L’État commet une erreur de diagnostic
Plutôt que d’améliorer le suivi en santé mentale, le projet de loi 23 prend la voie facile et dangereuse de la contrainte, estime l’auteur.
Il y a quelque chose de profondément révélateur dans le projet de loi 231, qui réforme la Loi sur la protection des personnes dont l’état mental présente un danger pour elles-mêmes ou pour autrui. Sous couvert de modernisation, le gouvernement fait un choix politique clair : plutôt que de corriger les lacunes criantes du réseau de la santé mentale, il renforce les outils de contrainte.
Ce choix n’est pas anodin. Il traduit une erreur de diagnostic – et, plus inquiétant encore, une forme de renoncement.
Le projet de loi 23 facilite l’évaluation psychiatrique sans consentement, simplifie les procédures de garde en établissement et élargit les marges d’intervention de l’État.
Ces mesures exceptionnelles deviendront, dans les faits, une réponse ordinaire à une crise systémique. On ne réforme pas ici un régime d’exception : on en étend l’usage. Autrement dit, on utilise le droit pour pallier les défaillances du système de soins.
Au Québec, obtenir un suivi en santé mentale relève trop souvent du parcours du combattant. Les délais s’allongent, les ressources communautaires sont sous-financées, et les urgences débordent. Dans ce contexte, le scénario est tristement prévisible : une personne en détresse n’a pas accès à l’aide dont elle a besoin. Sa condition se détériore. Puis, lorsqu’elle atteint un point de rupture, l’État intervient – non pas pour soigner, mais pour contraindre. La garde en établissement devient alors le substitut d’un suivi qui n’a jamais été offert.
Ce glissement est lourd de conséquences.
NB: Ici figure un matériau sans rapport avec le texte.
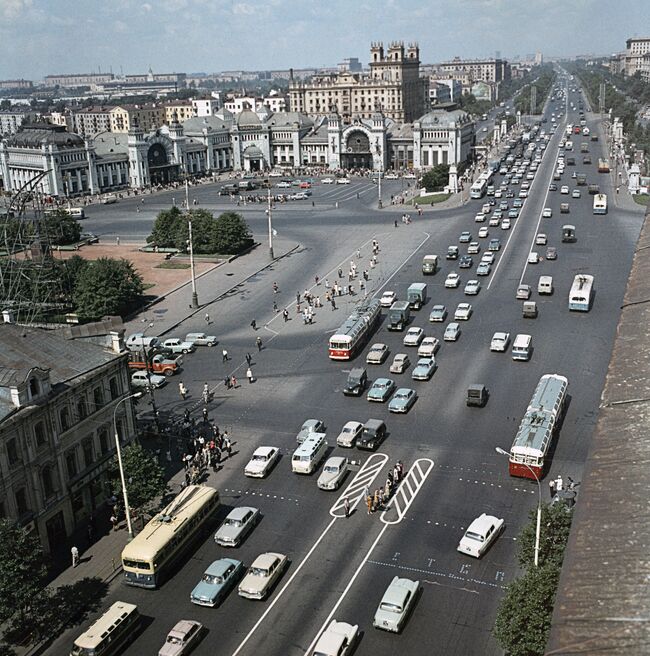 Ленинградский проспект в Москве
Il transforme un système censé soutenir en un système qui intervient uniquement lorsqu’il est trop tard – et de la manière la plus intrusive et attentatoire aux droits fondamentaux qui soit.
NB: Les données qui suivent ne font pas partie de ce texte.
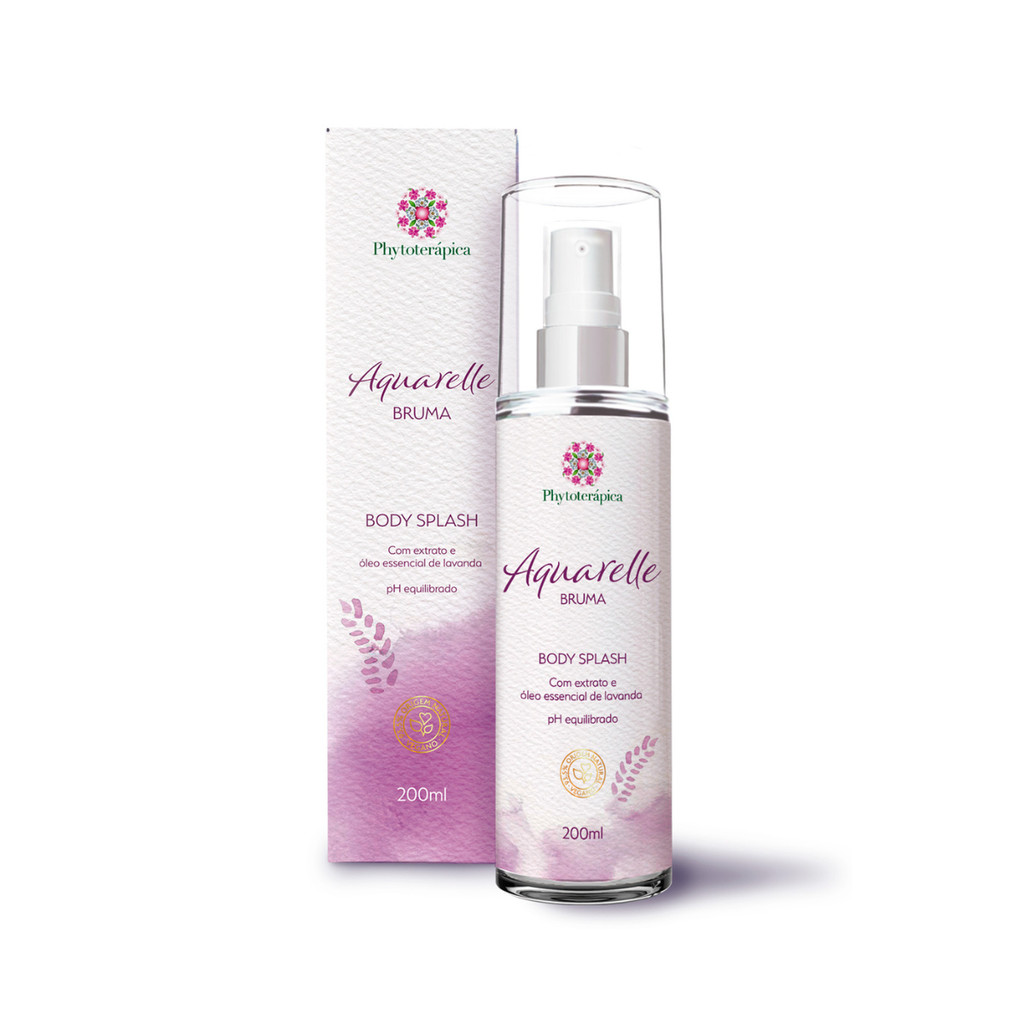 Body Splash Aquarelle Perfume Corporal Phytoterápica 200ml Escolha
Le danger n’est pas seulement juridique. Il est aussi social. Lorsque la contrainte devient un outil de gestion des personnes vulnérables, ce sont toujours les mêmes qui en subissent les effets : les personnes en situation d’itinérance, les individus marginalisés, ceux qui ont le moins accès aux ressources.
L’élargissement des mesures coercitives soulève inévitablement des enjeux au regard de la Charte des droits et libertés de la personne : liberté, intégrité, consentement aux soins. Mais au-delà du droit, il y a la relation thérapeutique. La contrainte, même lorsqu’elle est justifiée, laisse des traces. Elle peut briser la confiance, dissuader les personnes de consulter et alimenter un cycle de crise et de rechute. Un système qui mise sur la coercition finit par éloigner précisément ceux qu’il cherche à aider.
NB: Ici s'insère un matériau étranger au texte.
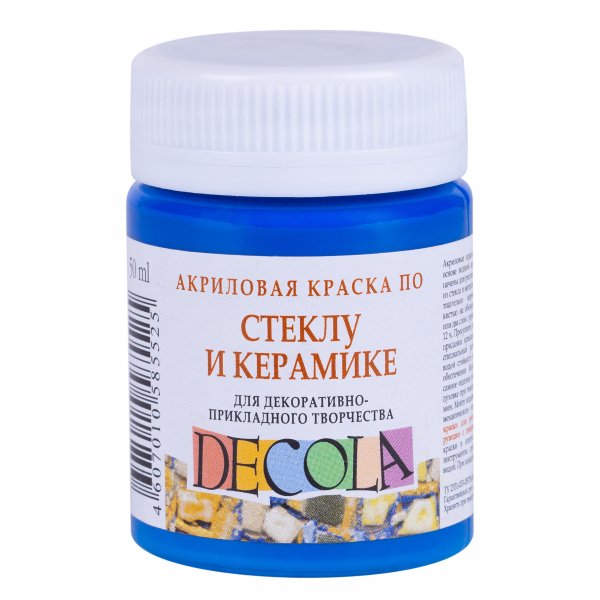 Decola Glass & Ceramics Paint 50 ml. - Blue Light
Ce qui frappe le plus dans le projet de loi 23, ce n’est pas ce qu’il contient – mais ce qu’il ignore. Rien sur l’accès rapide à des services psychologiques. Rien sur le financement des ressources communautaires. Rien sur la prévention. Comme si la crise en santé mentale pouvait se régler par des ajustements procéduraux.
Or, la réalité est implacable : tant que les personnes n’auront pas accès à des soins en amont, les situations de crise se multiplieront. Et plus elles se multiplieront, plus l’État sera tenté d’intervenir par la contrainte. C’est un cercle vicieux que le projet de loi ne fait qu’entériner.
Au fond, le projet de loi 23 pose une question simple : quel type de système voulons-nous ? Un système qui attend que les gens s’effondrent pour intervenir par la force ? Ou un système qui investit suffisamment pour prévenir ces effondrements ?
En misant sur la contrainte plutôt que sur l’accès aux soins, le gouvernement ne règle pas la crise. Il la déplace – et il en aggrave les conséquences humaines.
En santé mentale, intervenir plus tôt n’est pas seulement plus humain. C’est aussi la seule politique qui fonctionne.